Apache Spark data structures

In this section I am going to explain you Apache Spark data structures used by Spark for distributed processing of data at Lightning-Fast speed over distributed cluster. Learning Apache Spark data structures gives you understanding about Spark programming model.

Apache Spark data structures

Apache Spark data structures - Data Structures designed for Lightning-Fast Cluster Computing

Apache Spark Framework is designed and developed to provide enterprise grade distributed processing of large data sets over Lightning-Fast Spark Cluster. Here design of Apache Spark Data Structures plays a major role in fast and efficient processing of very large data sets. In this tutorial we are going to understand all the data structures of Apache Spark Framework. Understanding these will help you in writing better and efficient program for your client.

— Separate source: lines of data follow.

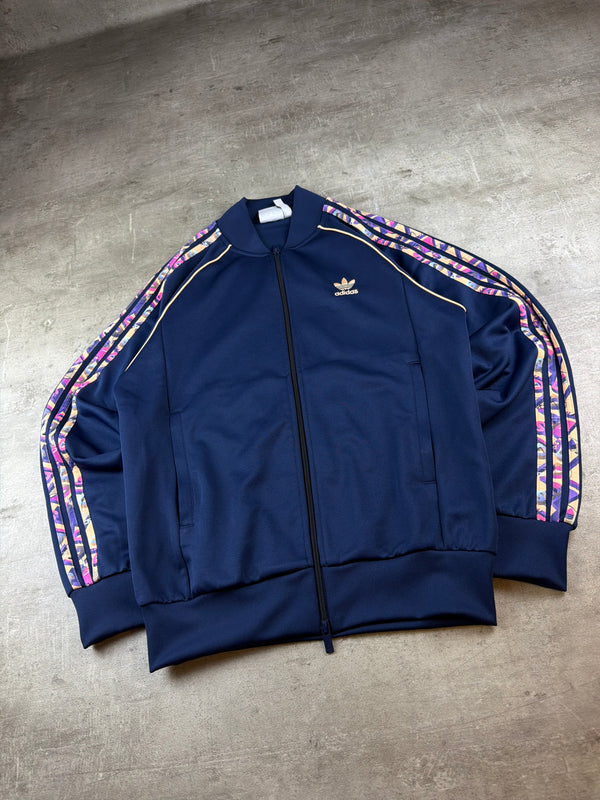 Adidas Originals Trefoil Graphic Stripes Trackjacket - Navy Blue / Pink Y2K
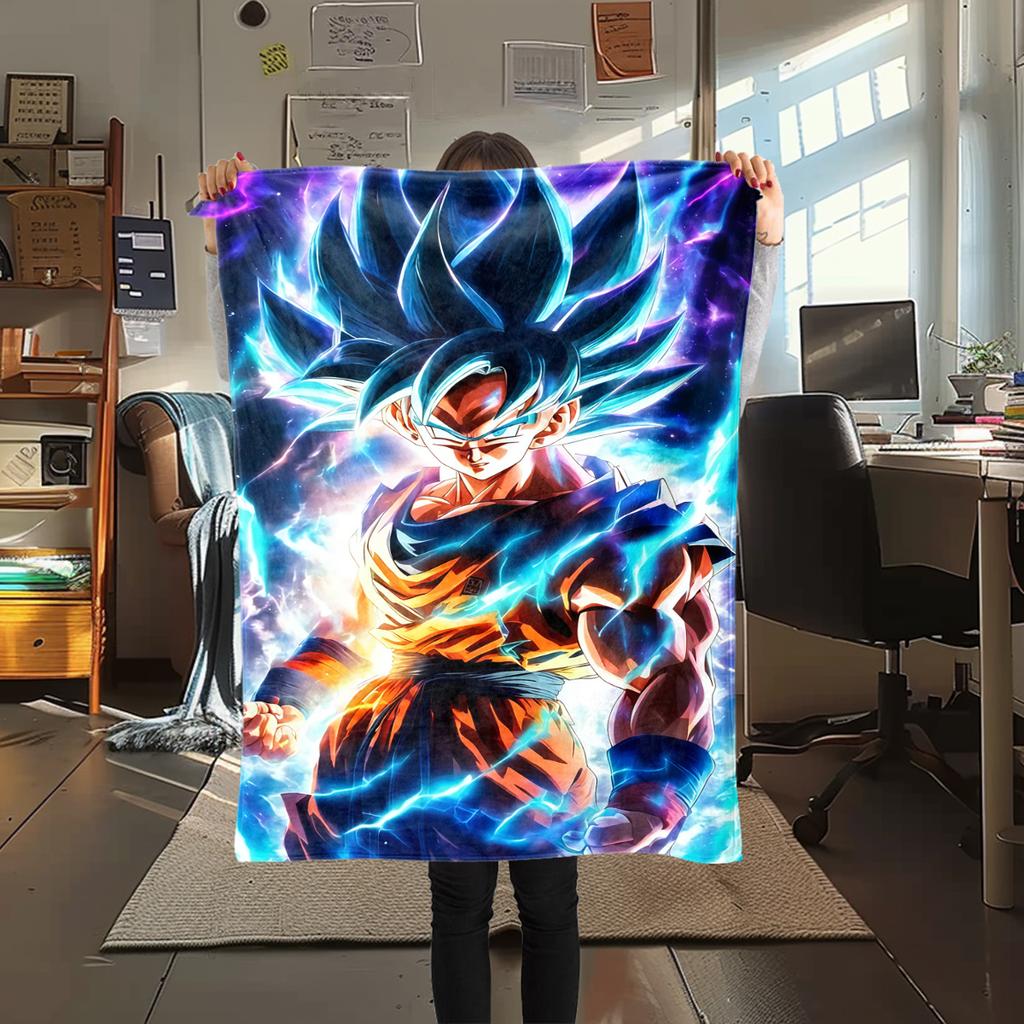 1PC Son Goku Print Flannel Blanket, High quality All Seasons, Home Decor, Warmth and Comfort, Perfect for Christmas Gifts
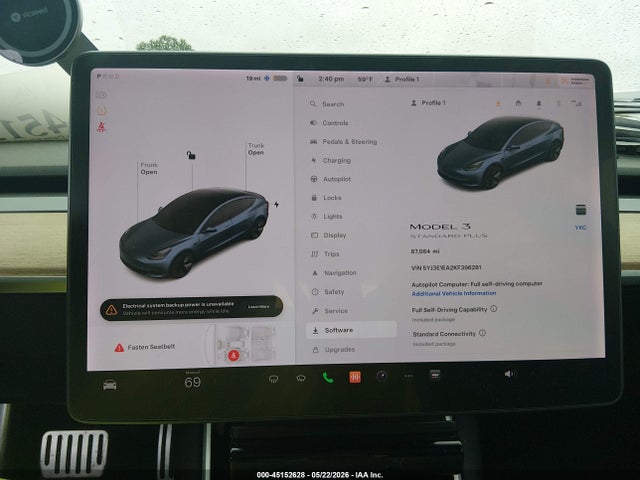 Aukcja sprzedaży 2019 Tesla Model 3 Long Range/mid Range/standard Range/standard Range Plus, vin: 5YJ3E1EA2KF396281, numer aukcji: 45152628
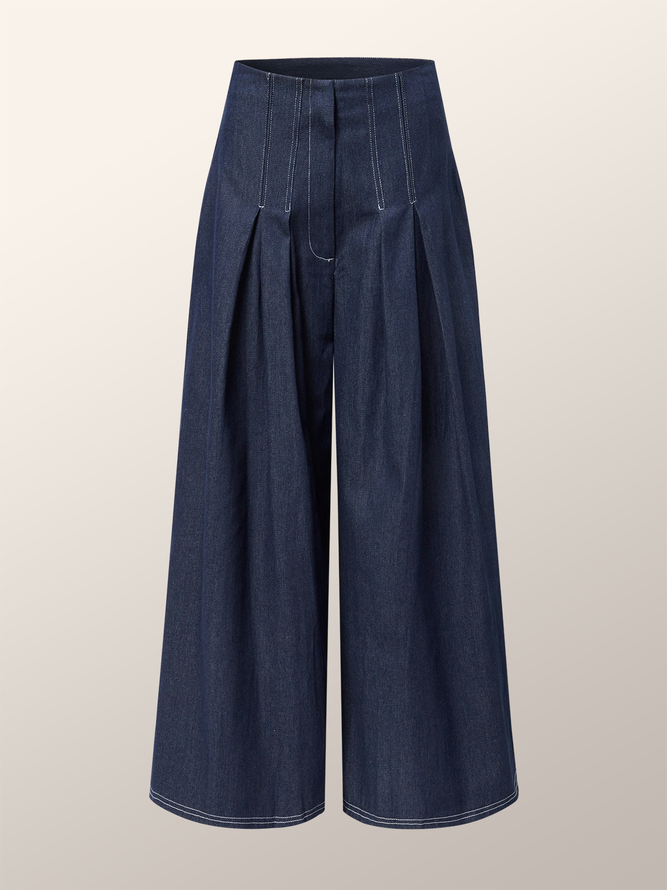 Plain Urban Wide Leg  Denim Jeans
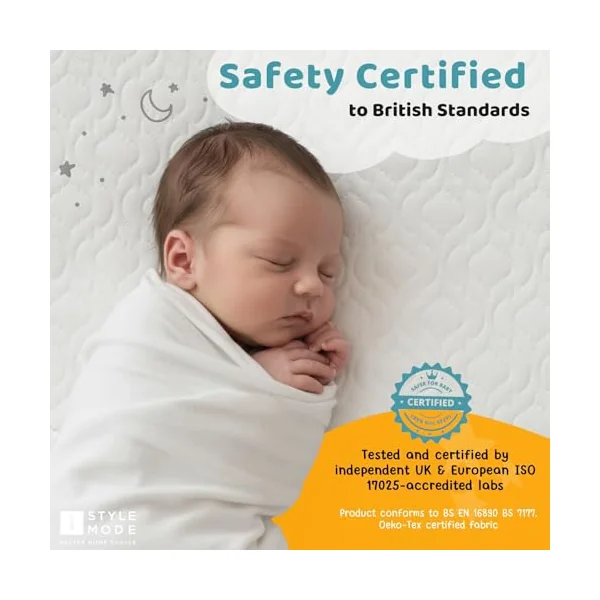 iSTYLE MODE BETTER HOME CHOICE 140x70x7.5cm Baby Toddler Cot Bed Foam Mattress Fully Breathable & Waterproof Zipped Removable Washable Cover, Anti Allergy, White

Data Structure plays very important role in programming language and each programming language comes with data structure specific that programming language. Data Structures is any programming language is a format for data organization, management and storage; which provides functions and operations for efficient processing of data. The popular data structures in most of the programming language are array, collection, file, tree, list and many more.

Data Structures in Apache Spark Framework

First version of Spark framework was released with RDD data structure and now a days it supports following data structures:

  1. RDD - Spark RDD (Resilient Distributed Dataset) is distributed collection of data over nodes in the cluster.
     
  2. Dataframe - The Dataframe is next data structures in Spark which is again a distributed collection of data and here data is organized into columns. This data structure is used with SparkSQL and provides sql like operations over the data.
     
  3. Dataset - Dataset is strongly typed, relational and column based data structure in Spark used with SparkSQL.
     
  4. TUNGSTEN - The Tungsten is new data structure introduced with the Spark 2.x (SparkSQL) to provide high performance processing of data. The Tungsten is a product of Project Tungsten which is a parallel project with Spark 2.x. The Tungsten operations works on the byte-code level and by optimizing Spark Jobs for CPU/Memory efficiency.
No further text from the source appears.